The best parts of it will be realized YEARS later. You're starting to learn the art of compromise.
Honestly, we don't even look at our wedding photos all that much. We got married in 1997, in the infancy of digital photography, and all of ours was negatives and prints. You want several "wallhanger" portraits because you'll be looking at them for the next 50+ years. My favorites were the one of just us, and one of both of our families. The rest don't matter. Even the ones with the wedding party. I was moderately (but not severely) inebriated at my brother's wedding and climbed on the roof of the reception hall with a DSLR and got a very cool group photo of everyone out on the lawn...it was a wallhanger. :)
The very best weddings I have been to were the week-long parties where all your closest friends and the family members you like (ideally including your fathers) get together and hang out and explore the area. It's not like a weeklong bender, but liquid refreshments can be involved for those inclined. The wedding ends up being the cap for an amazing week. We did a float trip for my brother's bachelor party and then ran 3 more rivers over the next week, hit a rodeo, small town parade, and several picnics. Another friend's pre-wedding festivities included a float trip, a gun range, an overnight 4-wheeling trip, and more guns.

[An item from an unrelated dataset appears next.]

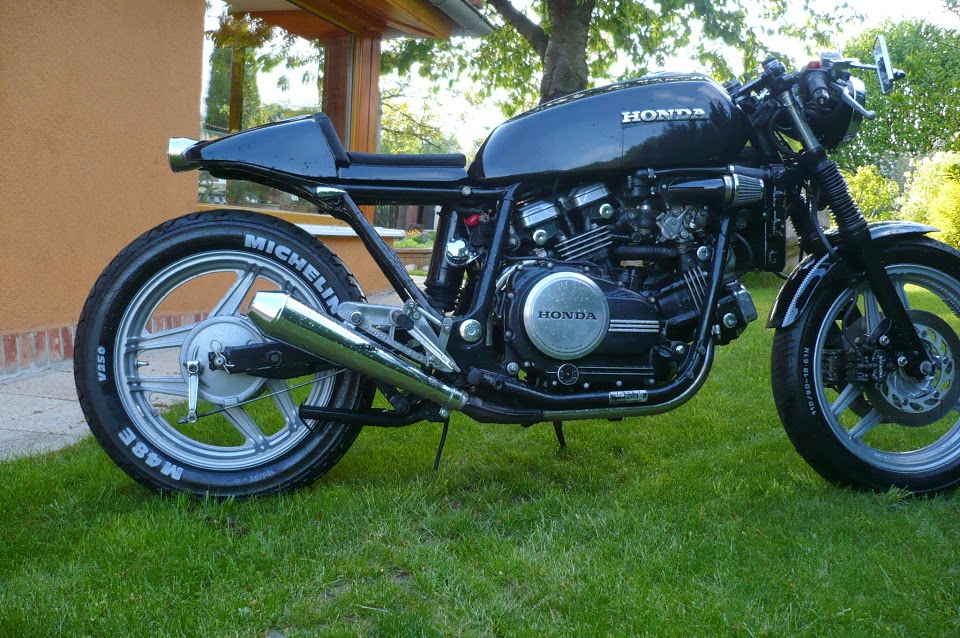 Honda s50 Cafe Racer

The least memorable ones were the stuffy fancy ones with place settings and rigid reception schedules.
Be yourselves. Have a wedding and reception that fits the two of you. This is not the time to pretend to play dress-up if you're not that kind of people. Or, if you are, do it.
Oh yeah, and if you're not already living together, be VERY careful of how things are done the first week you cohabit. The side of the bed you sleep on and which way the toilet paper is rolled will be locked in stone for the next 50+ years. No, really.
This would be a great role of the best man and maid of honor, especially if they're great friends of yours and know your wishes without having to ask...even better if the two of them get along and could function as a team. This used to be part of their official roles, but were supplanted by "wedding planners".
Oh, and challenge the maid/matron of honor to put some thought into their toasts, instead of the yucky gushing stereotypical "Oh, she's my bestest friend and I love her and Joe makes her so happy and <tears> I'm so happy for her!"...while the best man has everyone in stitches, including grandma.
Oh, and another thing for the best man, aside from hitting on the bridesmaids. You are going to set your drink down to visit with Aunt Betty or to dance with your flower girls...and one of the caterers/family members/wait staff is going to toss it. Make sure the best man hands you a fresh one...somebody paid for an open bar, you may as well enjoy it a bit. At the same time, make sure he also alternately hands you a bottle of water. You don't want to pass out drunk on your wedding night!